In my corporate years I was primarily a leader in the call center (customer service) department for large health insurance plans. We were the Rodney Dangerfield of work units; we never got any respect. I’m not talking about a lack of respect from our customers when I say this. I’m talking about other departments. You know, our co-workers – the ones who are supposed to be on our side. More on that in a moment.
We use the term, “low man on the totem pole” in reference to being the least important, which is often how one feels in the customer service area. But, we don’t use that term correctly. First of all, the bottom is the foundation that everything else is built upon. It’s the thing that holds everything else up. The bottom section of the totem pole is held in the highest regard and is carved by the most skilled.
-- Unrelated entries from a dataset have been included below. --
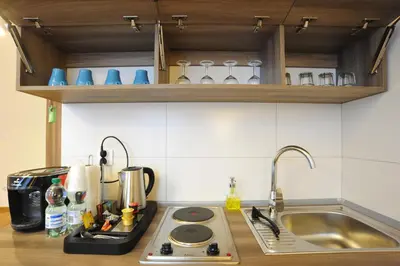 a kitchen counter with a sink and a stove at Kosmopolita Apartments in Kraków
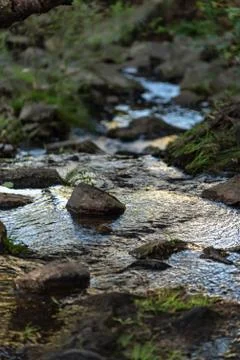 Small waterfall or cascade captured near the water surface full of rocks and  Stock Photos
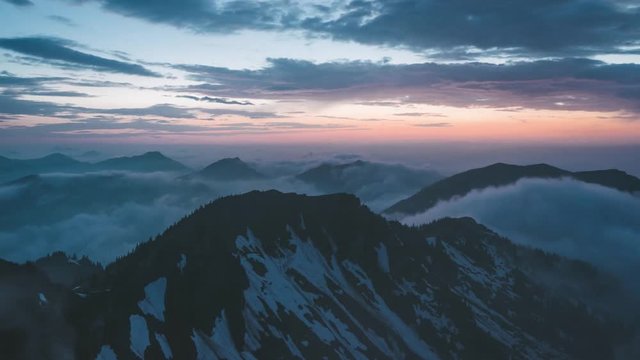 Sunset on top of mountain Rotwand  in the Bavarian Alps in Germany 4K time-lapse. Clouds are rushing by during golden hour on high altitude alpine scenery.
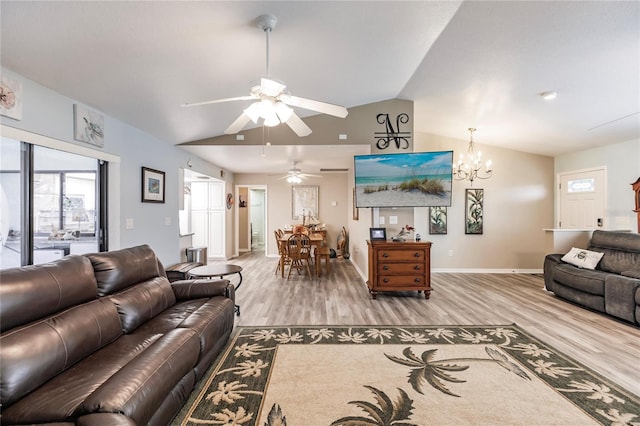 living room with hardwood / wood-style flooring, ceiling fan with notable chandelier, and vaulted ceiling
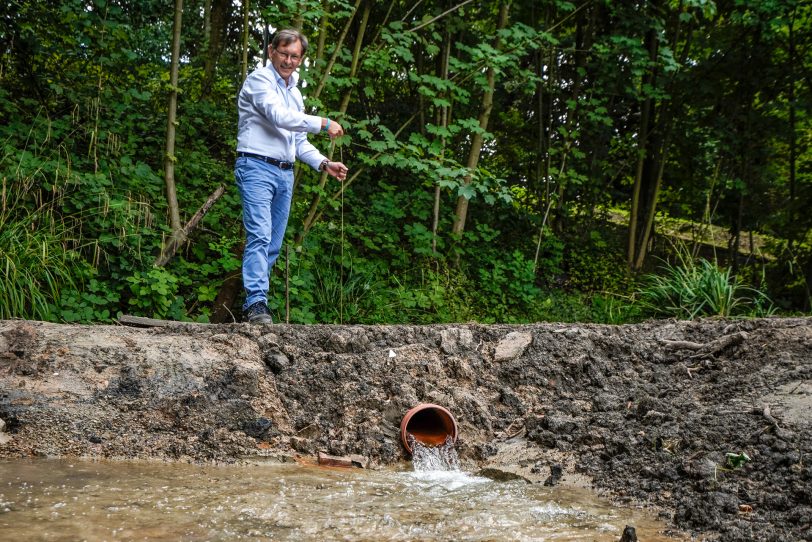 OB Dudda öffnet das Wasserrohr, damit der Ostbach ins neue Bett fließt.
No one, but those of us working in customer service, saw us as integral to the organization as other departments like finance, reimbursement services, medical management and provider relations. Rather than being seen as the foundation, we were often regarded as pests that needed more information (read, “help”) from other departments. There is no way to say this without sounding bitter but, the customer service area was the scapegoat for the other areas.
Before you accuse me of being a cry baby, let me add that this is perfectly understandable behavior for others who have not been in our shoes, or who have forgotten what it was like to be in those shoes. The reason I say this is perfectly normal behavior is because the other departments were responsible for just one piece of the giant puzzle of a health insurance plan. They knew their piece of that puzzle incredibly well. So, if customer service didn’t always have a firm understanding on their processes, it could be incredibly frustrating for them.
Bear in mind, the customer service department not only has to understand their own job, they must understand how all the areas work together at very high level as well. Taking into consideration how often things change in the benefits and health care world and how complex some of the systems can be, it’s easy, for me at least, to understand why we needed information and ongoing education from the other areas.
All that said, I feel we did an excellent job of learning and understanding benefits, claims payments and denials, the appeals process and all the other pieces we needed to serve our customers well. Other departments that never had to see or speak to a customer had the luxury of saying things like, “Well, that’s just the way it is and the customer has to accept it.” But in customer service, you absolutely must be able to say it in a way that is caring and doesn’t alienate the customer. And, hopefully, provide the customer with feasible options.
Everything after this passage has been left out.